W Siłach Zbrojnych Rzeczpospolitej Polski kaliber 125 mm wykorzystywani jest przez (liczba podawana przed rozpoczęciem eskalacji wojny na terytorium Ukrainy i przed rozpoczęciem tam dostaw sprzętu wojskowego), używana była przez 232 czołgi podstawowe PT-91 (inne dane 233 egzemplarze) oraz około 500 czołgów średnich rodziny T-72M/M1 (ich liczba bywała zmienna, najpierw część wozów przekazano do agencji mienia wojskowego, potem została z nich wycofana). Wraz z początkiem kolnego stulecia, po 2000 roku w Polsce zaczęły być przeprowadzane analizy na temat skuteczności stosowanych armat czołgowych 2A46 oraz amunicji przeciwpancernej kalibru 125 mm dla czołgów T-72 i ich modernizacji i systemów celowniczych czy kierowania ogniem. Analiza stanu technicznego czołgów tego typu, która została przeprowadzona przez Gliwickie OBRUM w 2003 roku stwierdzało wprost, że stosowane armaty charakteryzują się niską skutecznością strzały, stosowana do nich lufa posiada niską trwałość, w czołgach T-72 dowódca posiada nikłe zdolności obserwacji terenu w warunkach nocnych i przekazywania odpowiednich danych działonowemu, oddanie szybkiego i precyzyjnego strzału było w praktyce niemożliwe, jeżeli doszło by do takiej potrzeby. Zastosowane w wozach systemy stabilizacji są już mało dokładne i z powodu ich zużycia bardzo awaryjne, a to powodowało, że skuteczność prowadzonego ognia w ruchu jest niewielka. Niby nic nowego, temat znany wśród znawców broni pancernej doskonale, ale należy pamiętać, że analiza ta została przeprowadzona w 2003 roku, po ponad 20 latach nic się nie zmieniło, a sytuacja polityczna, jak i militarna w Europie znacząco się zmieniła. Dziś modernizacja czołgów T-72M/M1 czy PT-91 faktycznie wydaje się bez większego sensu. Niestety, spóźniliśmy się tutaj o ponad 10-15 lat, ale jeżeli chodzi o amunicję, to sprawa wydaje się całkowicie zapomniana przez polskie Ministerstwo Obrony Narodowej, a jej wymiana wydaje się nadal potrzebna.
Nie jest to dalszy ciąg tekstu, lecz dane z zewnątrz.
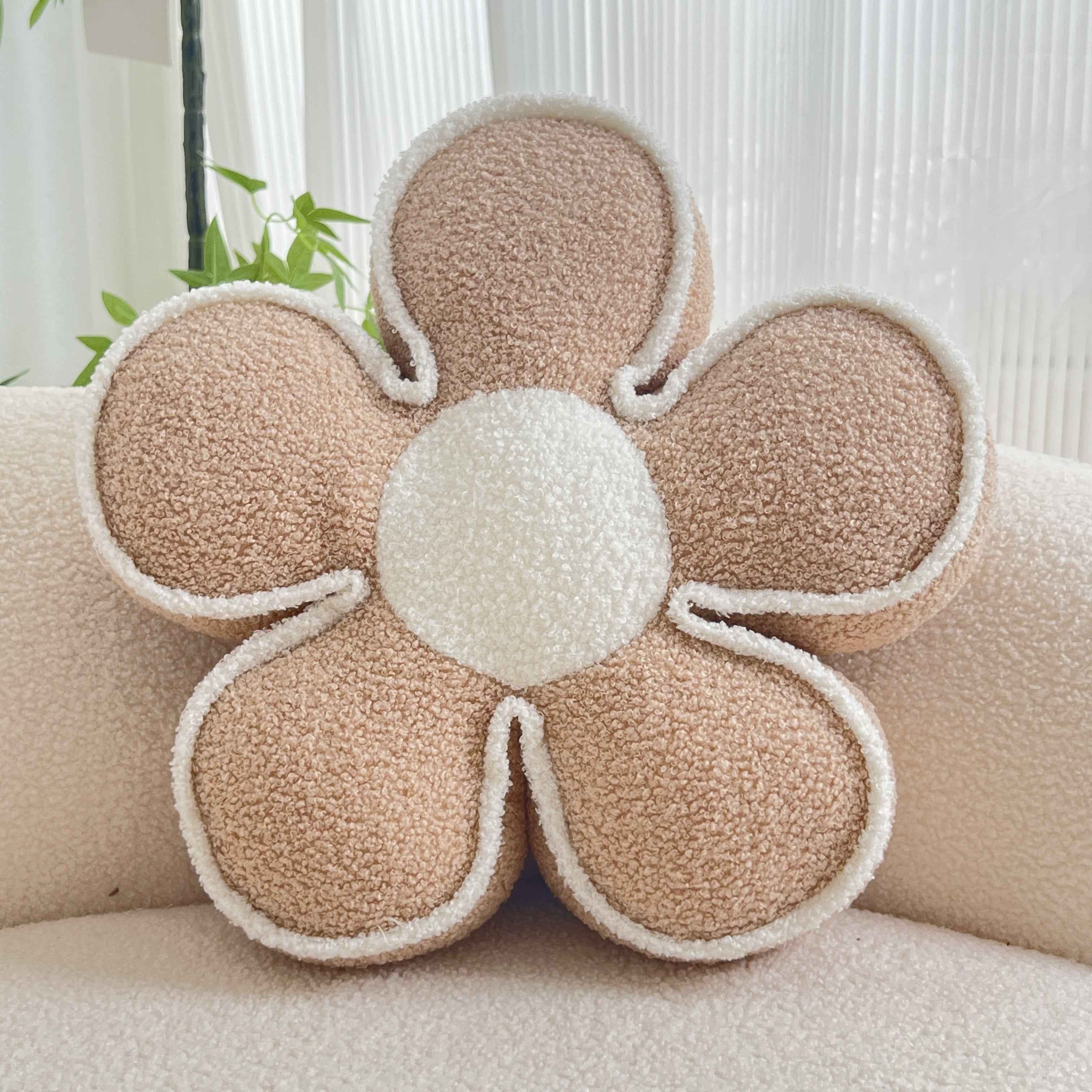 Chic Geometric Flower Throw Pillow - Soft, Washable Polyester Cushion for Bed & Sofa Decor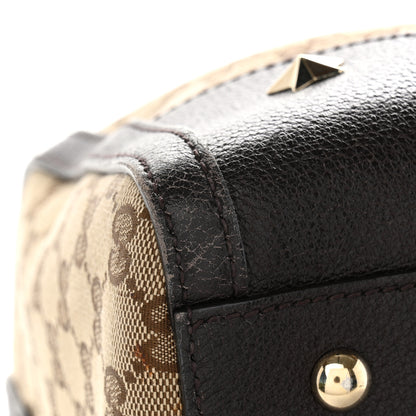 Gucci Monogram Vintage Web Medium Webby Bee Boston Dark Brown 11 of 14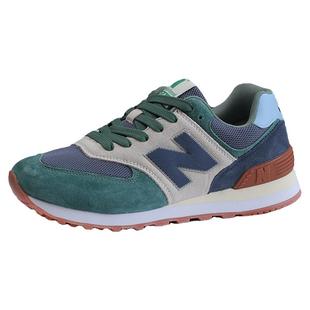 正品邦德真皮N字鞋低帮复古时尚休闲跑步鞋男女百搭韩版潮情侣鞋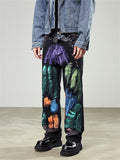 High Street Rainbow Graffiti Straight-Leg Jeans for Men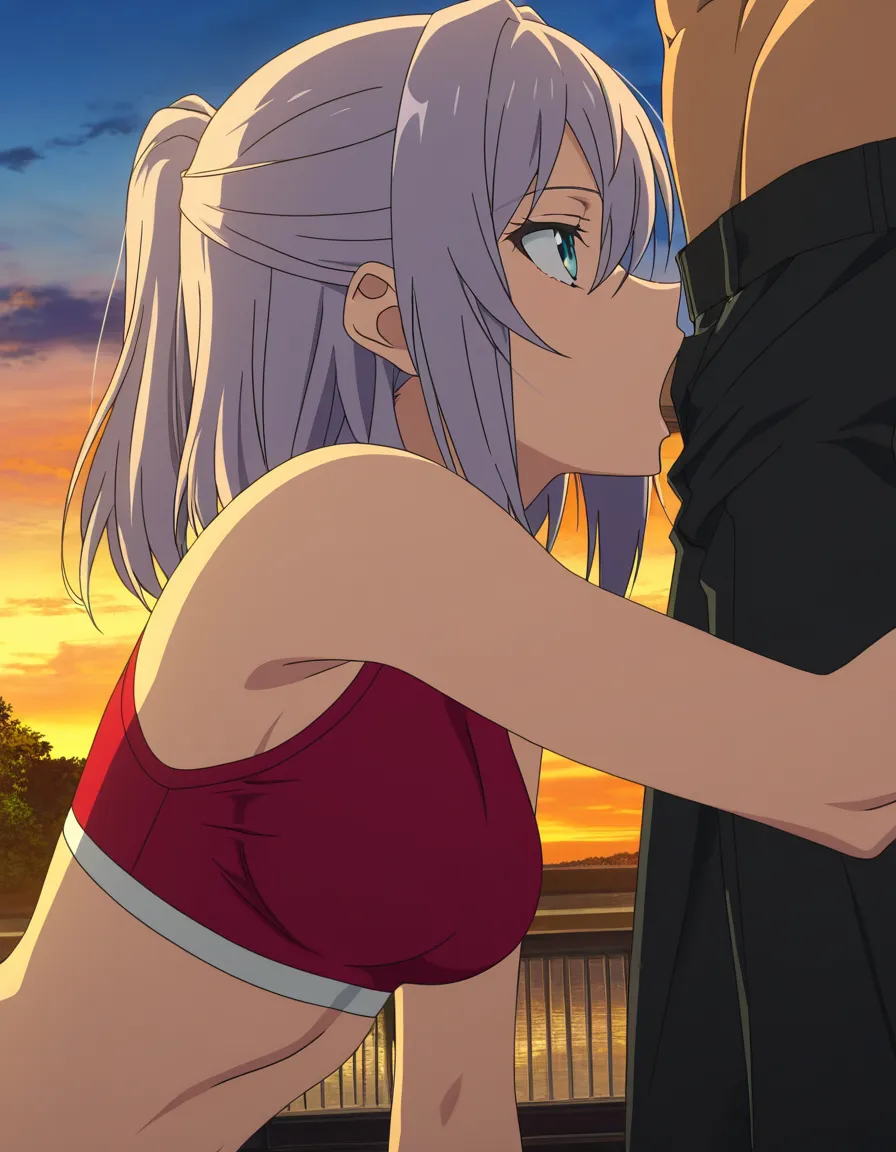 masterpiece, clean art, , midriff, evening , blowjob, eroge aesthetic, fitness model, (anime style:1.3), 2d, anime screencap, cel shading, flat color, hentai_studio_quality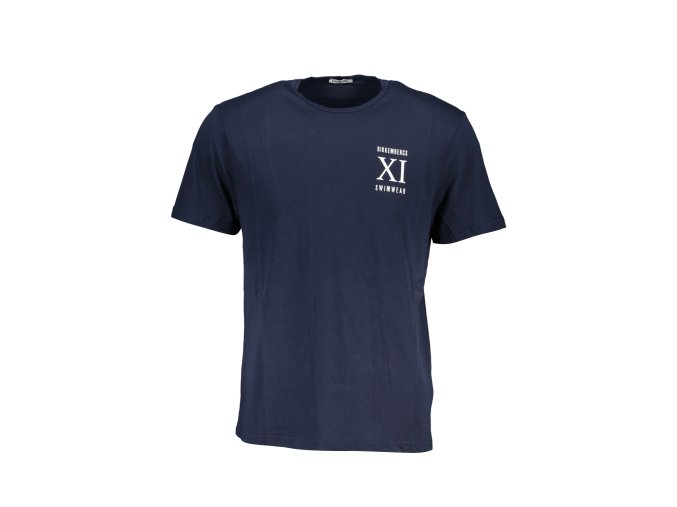 Štýlové Pánske Tričko s krátkym rukávom BIKKEMBERGS Modrá (Velkost XL, Farba Modrá)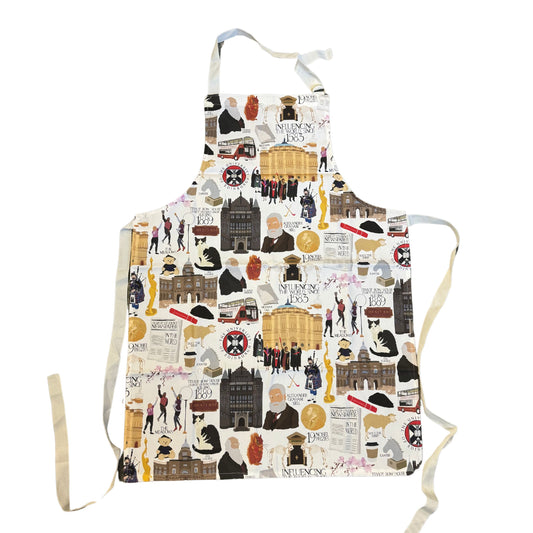 Apron featuring Heritage Collection illustration designed by Esther
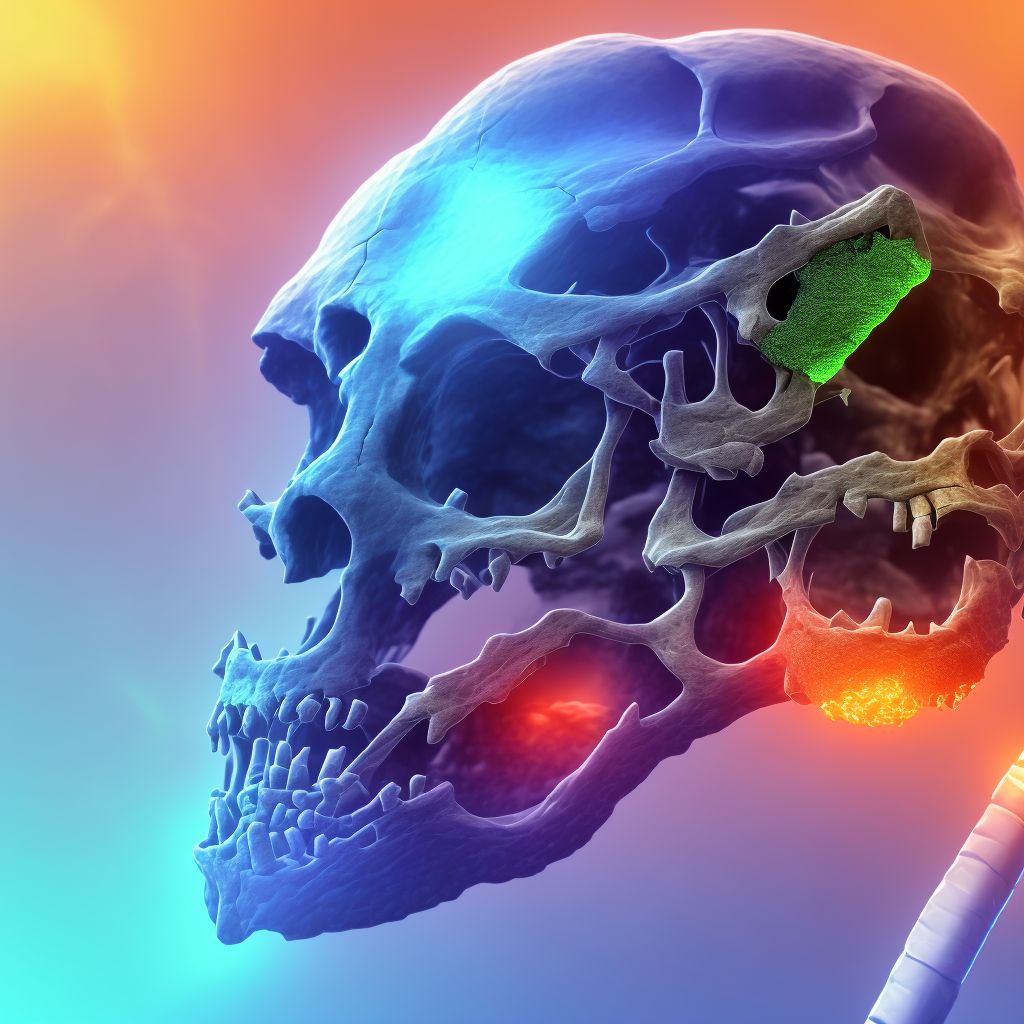 Nondisplaced supracondylar fracture with intracondylar extension of lower end of right femur, subsequent encounter for open fracture type I or II with delayed healing digital illustration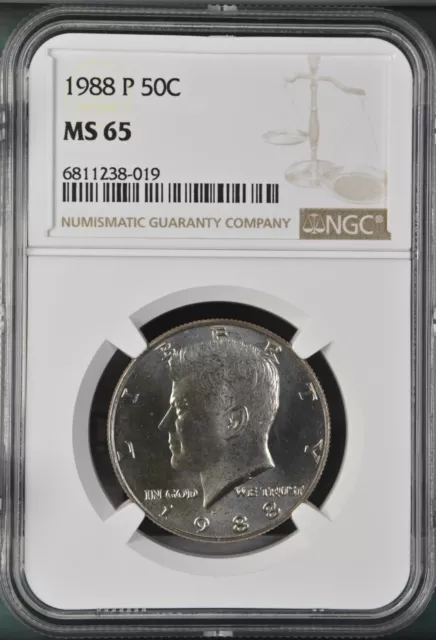 1988-P 50C Kennedy Half Dollar NGC MS65   6811238-019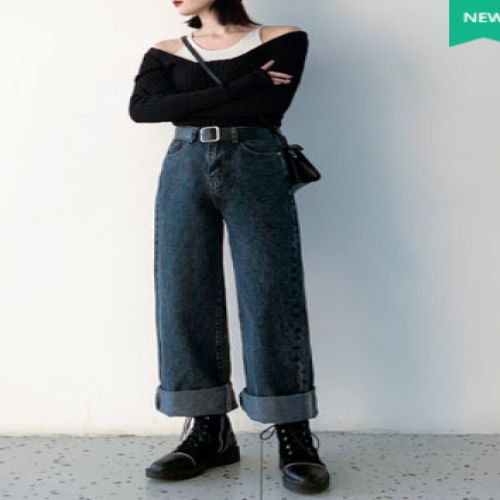 Pantalones rectos negros Clearance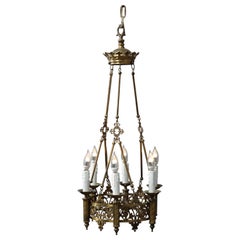 Antique Gothic Cast Bronze Six-Light Hanging Chandelier, Circa 1900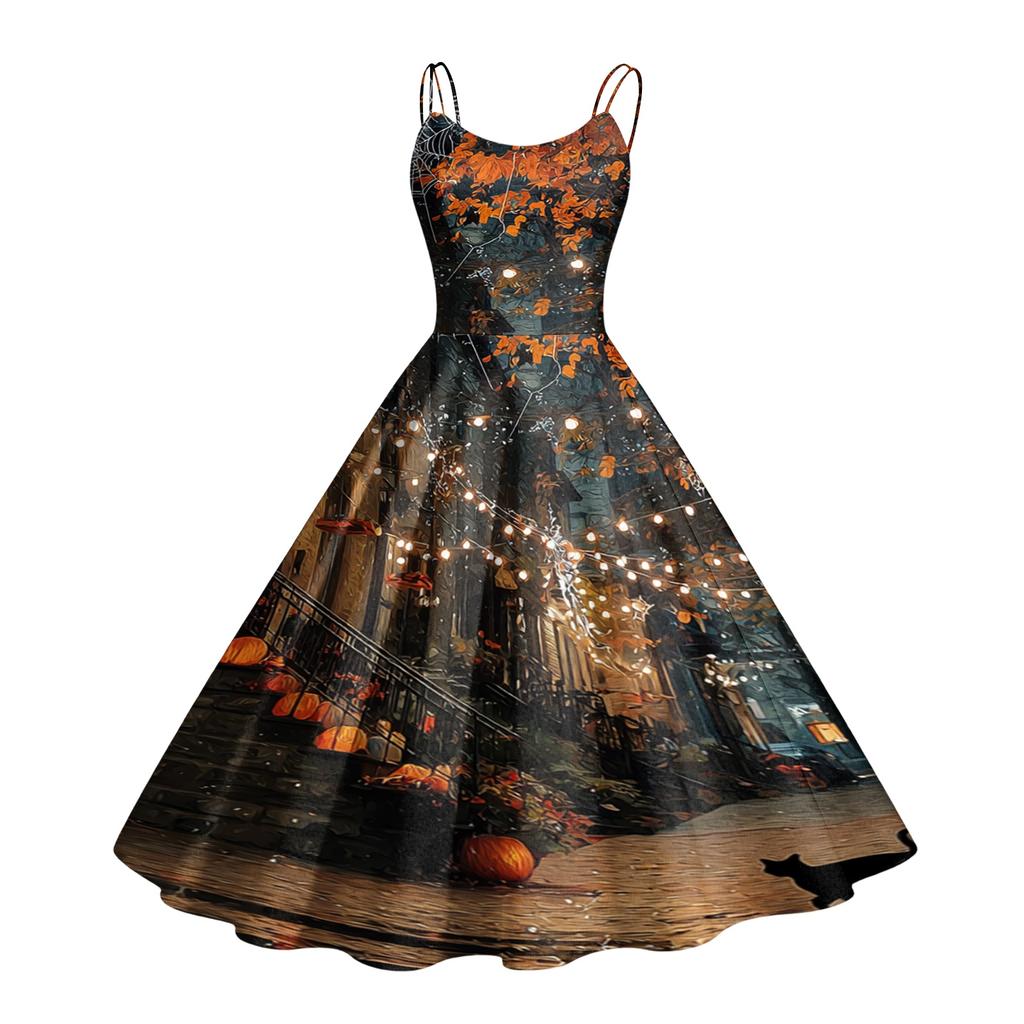 Women's Casual Halloween Print Round Neck Sleeveless Dress for Holiday Party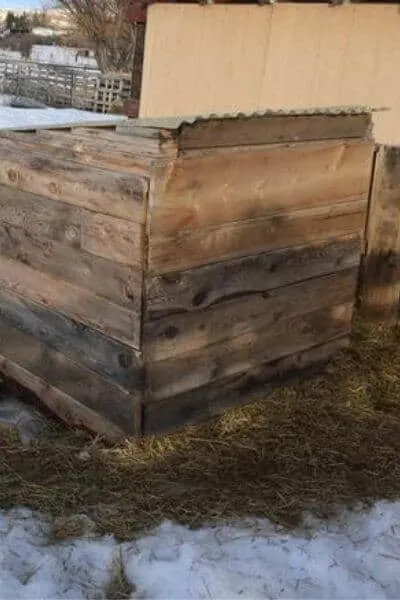 Backside of a pallet goat house 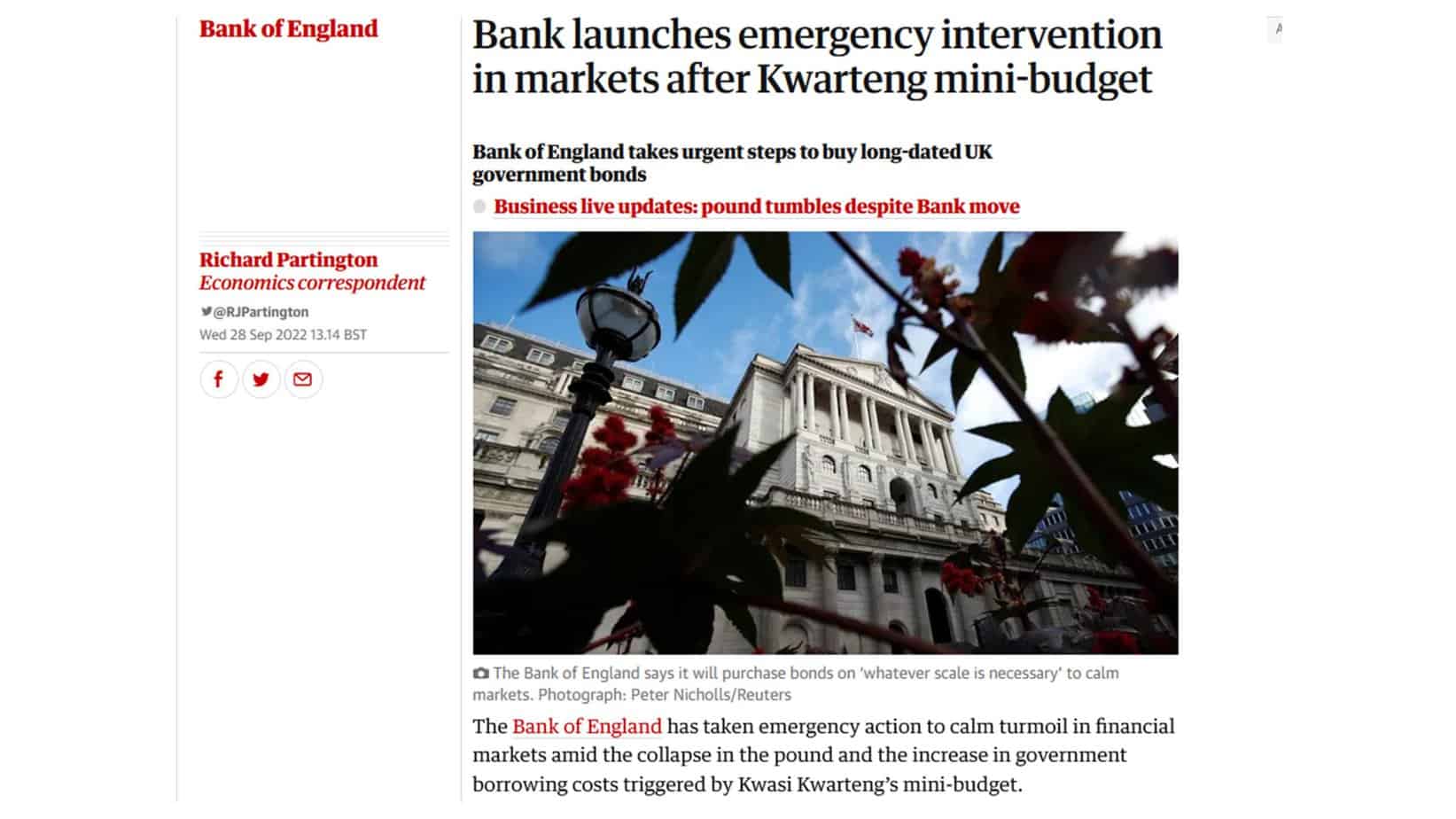 bank of england intervention news story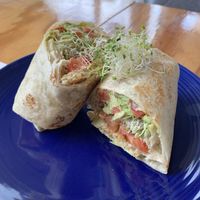 Tempeh avocado wrap at Cali Cafe in Cozumel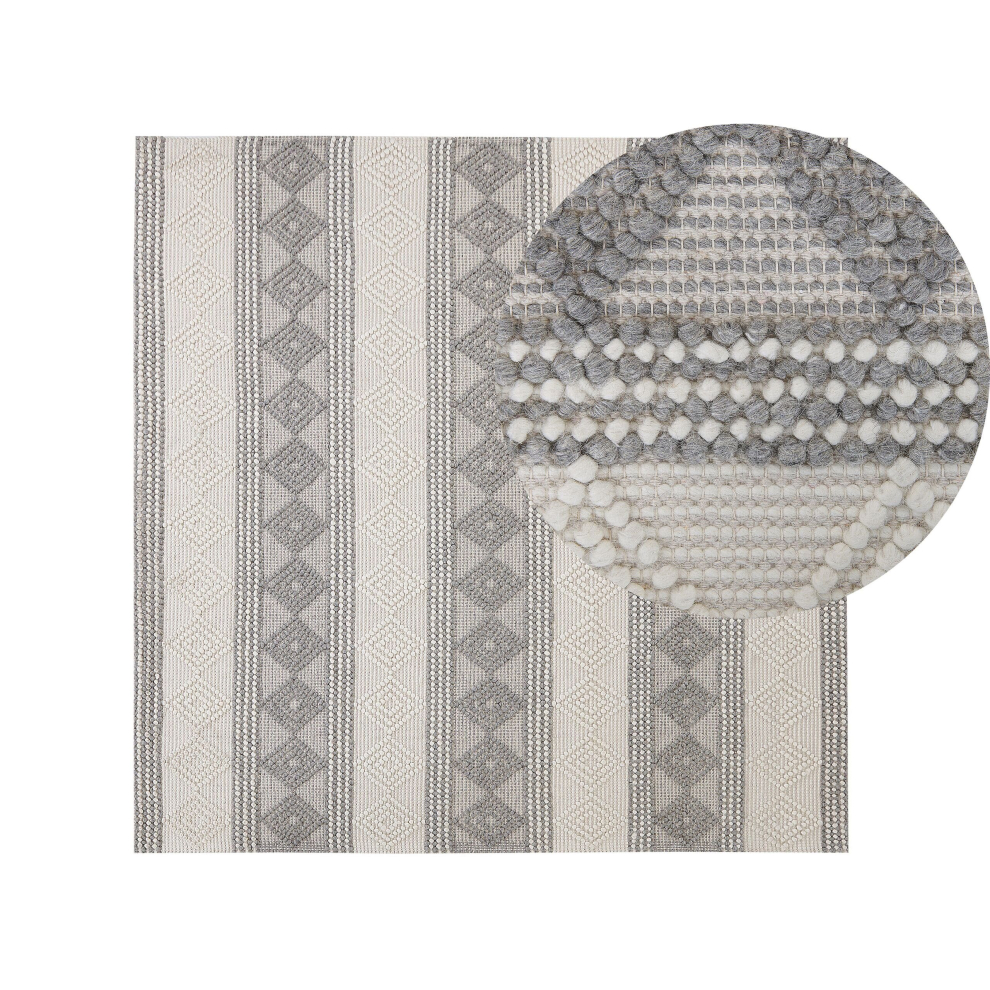 Wool Area Rug 200 x 200 cm Beige and Grey BOZOVA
W służbie polskich pancerniaków do armat czołgowych D-81 kalibru 125 mm, czyli (od góry) nabój WBM-7 z pociskiem podkalibrowym 3BM15 i nabój 3WBK10M z pociskiem z głowicą kumulacyjną 3BK14M
Nieco historii i stan obecny
Zgodnie z wiedzą upublicznioną w odpowiedziach na interpelacje poselskie (zapytanie nr 6767) obecnie Siły Zbrojne Rzeczpospolitej Polskiej wykorzystują trzy rodzaje amunicji podkalibrowej do armat czołgowych kalibru 125 mm.
Pocisk podkalibrowy 3BM15 (w tle elementy sabotu)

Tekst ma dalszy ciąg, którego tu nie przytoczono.